[DATA FOR THE TASK Boundary: Start]

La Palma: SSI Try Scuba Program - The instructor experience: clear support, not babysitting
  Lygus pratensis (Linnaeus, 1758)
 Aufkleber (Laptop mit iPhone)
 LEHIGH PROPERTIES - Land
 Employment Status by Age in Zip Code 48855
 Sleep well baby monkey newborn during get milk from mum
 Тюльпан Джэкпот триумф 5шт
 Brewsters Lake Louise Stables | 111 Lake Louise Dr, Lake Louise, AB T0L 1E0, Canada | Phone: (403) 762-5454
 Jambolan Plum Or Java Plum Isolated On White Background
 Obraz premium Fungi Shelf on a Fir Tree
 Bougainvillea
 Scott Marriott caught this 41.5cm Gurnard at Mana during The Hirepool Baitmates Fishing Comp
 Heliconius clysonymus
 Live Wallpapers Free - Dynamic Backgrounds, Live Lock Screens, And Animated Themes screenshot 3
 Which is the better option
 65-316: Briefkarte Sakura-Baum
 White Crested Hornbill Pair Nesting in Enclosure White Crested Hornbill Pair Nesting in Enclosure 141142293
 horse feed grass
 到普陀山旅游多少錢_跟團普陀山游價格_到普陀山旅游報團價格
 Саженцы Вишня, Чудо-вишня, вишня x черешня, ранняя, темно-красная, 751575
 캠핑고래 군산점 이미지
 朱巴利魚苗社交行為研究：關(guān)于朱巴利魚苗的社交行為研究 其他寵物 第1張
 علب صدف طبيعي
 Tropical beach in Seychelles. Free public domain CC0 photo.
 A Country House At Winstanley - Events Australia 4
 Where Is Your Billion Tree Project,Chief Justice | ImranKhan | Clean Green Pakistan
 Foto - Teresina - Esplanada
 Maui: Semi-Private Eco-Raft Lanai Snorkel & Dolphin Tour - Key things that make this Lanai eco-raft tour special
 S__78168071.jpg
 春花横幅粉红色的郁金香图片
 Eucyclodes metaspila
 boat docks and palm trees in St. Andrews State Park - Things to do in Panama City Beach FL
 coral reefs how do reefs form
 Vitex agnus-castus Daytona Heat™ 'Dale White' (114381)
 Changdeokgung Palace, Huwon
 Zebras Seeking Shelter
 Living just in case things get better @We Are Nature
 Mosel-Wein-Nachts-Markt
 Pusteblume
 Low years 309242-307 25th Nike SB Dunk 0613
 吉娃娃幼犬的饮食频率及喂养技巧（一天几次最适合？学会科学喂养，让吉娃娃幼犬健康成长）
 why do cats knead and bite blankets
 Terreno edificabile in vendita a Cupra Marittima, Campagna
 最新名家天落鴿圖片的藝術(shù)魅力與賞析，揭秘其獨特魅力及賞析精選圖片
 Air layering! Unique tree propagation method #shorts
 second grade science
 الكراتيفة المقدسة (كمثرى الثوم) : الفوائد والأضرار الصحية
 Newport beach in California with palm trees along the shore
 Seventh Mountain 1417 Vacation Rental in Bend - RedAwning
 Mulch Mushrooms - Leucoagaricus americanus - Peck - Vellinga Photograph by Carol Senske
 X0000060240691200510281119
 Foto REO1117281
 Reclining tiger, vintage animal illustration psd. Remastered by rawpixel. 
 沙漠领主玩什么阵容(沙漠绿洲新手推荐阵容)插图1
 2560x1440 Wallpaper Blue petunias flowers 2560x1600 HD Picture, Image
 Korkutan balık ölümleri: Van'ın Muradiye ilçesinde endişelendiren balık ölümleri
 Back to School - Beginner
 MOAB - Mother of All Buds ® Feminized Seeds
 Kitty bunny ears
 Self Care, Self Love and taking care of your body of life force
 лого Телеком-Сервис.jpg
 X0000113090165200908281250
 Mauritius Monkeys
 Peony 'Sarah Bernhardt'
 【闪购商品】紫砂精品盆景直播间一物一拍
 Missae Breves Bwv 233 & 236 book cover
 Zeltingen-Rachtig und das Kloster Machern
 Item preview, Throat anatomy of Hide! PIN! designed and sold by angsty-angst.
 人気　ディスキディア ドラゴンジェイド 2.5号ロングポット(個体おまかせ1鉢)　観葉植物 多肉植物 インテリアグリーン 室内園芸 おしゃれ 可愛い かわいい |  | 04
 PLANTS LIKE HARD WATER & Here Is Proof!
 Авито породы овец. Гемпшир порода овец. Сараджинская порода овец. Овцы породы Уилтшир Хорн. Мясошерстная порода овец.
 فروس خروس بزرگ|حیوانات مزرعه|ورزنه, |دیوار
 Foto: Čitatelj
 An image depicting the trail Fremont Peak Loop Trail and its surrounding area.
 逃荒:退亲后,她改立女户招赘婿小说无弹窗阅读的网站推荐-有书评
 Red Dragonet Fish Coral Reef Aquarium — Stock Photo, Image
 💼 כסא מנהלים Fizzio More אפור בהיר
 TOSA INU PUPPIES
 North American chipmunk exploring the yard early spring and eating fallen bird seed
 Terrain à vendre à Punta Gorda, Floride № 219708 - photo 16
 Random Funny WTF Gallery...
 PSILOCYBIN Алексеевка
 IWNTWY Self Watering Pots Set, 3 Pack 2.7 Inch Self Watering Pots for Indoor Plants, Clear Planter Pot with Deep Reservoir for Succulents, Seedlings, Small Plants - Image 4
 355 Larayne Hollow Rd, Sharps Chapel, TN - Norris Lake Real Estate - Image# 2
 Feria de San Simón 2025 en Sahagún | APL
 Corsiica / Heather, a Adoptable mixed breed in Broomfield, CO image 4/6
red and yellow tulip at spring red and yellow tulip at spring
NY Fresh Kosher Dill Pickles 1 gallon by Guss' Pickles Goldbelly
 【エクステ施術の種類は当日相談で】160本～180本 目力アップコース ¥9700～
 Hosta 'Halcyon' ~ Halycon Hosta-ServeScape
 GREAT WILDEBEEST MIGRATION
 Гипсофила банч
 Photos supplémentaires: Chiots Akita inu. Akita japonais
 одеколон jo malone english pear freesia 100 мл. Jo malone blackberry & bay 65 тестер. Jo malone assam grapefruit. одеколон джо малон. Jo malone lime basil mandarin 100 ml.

[DATA FOR THE TASK Boundary: End]

# DIRECTIONS FOR THIS TASK:
Above are the records; copy exactly the lines from the line with "Terreno edificabile in" through the line with "PLANTS LIKE HARD WATER & Here Is Proof!", both included.

# EXPECTED ANSWER:
 Terreno edificabile in vendita a Cupra Marittima, Campagna
 最新名家天落鴿圖片的藝術(shù)魅力與賞析，揭秘其獨特魅力及賞析精選圖片
 Air layering! Unique tree propagation method #shorts
 second grade science
 الكراتيفة المقدسة (كمثرى الثوم) : الفوائد والأضرار الصحية
 Newport beach in California with palm trees along the shore
 Seventh Mountain 1417 Vacation Rental in Bend - RedAwning
 Mulch Mushrooms - Leucoagaricus americanus - Peck - Vellinga Photograph by Carol Senske
 X0000060240691200510281119
 Foto REO1117281
 Reclining tiger, vintage animal illustration psd. Remastered by rawpixel. 
 沙漠领主玩什么阵容(沙漠绿洲新手推荐阵容)插图1
 2560x1440 Wallpaper Blue petunias flowers 2560x1600 HD Picture, Image
 Korkutan balık ölümleri: Van'ın Muradiye ilçesinde endişelendiren balık ölümleri
 Back to School - Beginner
 MOAB - Mother of All Buds ® Feminized Seeds
 Kitty bunny ears
 Self Care, Self Love and taking care of your body of life force
 лого Телеком-Сервис.jpg
 X0000113090165200908281250
 Mauritius Monkeys
 Peony 'Sarah Bernhardt'
 【闪购商品】紫砂精品盆景直播间一物一拍
 Missae Breves Bwv 233 & 236 book cover
 Zeltingen-Rachtig und das Kloster Machern
 Item preview, Throat anatomy of Hide! PIN! designed and sold by angsty-angst.
 人気　ディスキディア ドラゴンジェイド 2.5号ロングポット(個体おまかせ1鉢)　観葉植物 多肉植物 インテリアグリーン 室内園芸 おしゃれ 可愛い かわいい |  | 04
 PLANTS LIKE HARD WATER & Here Is Proof!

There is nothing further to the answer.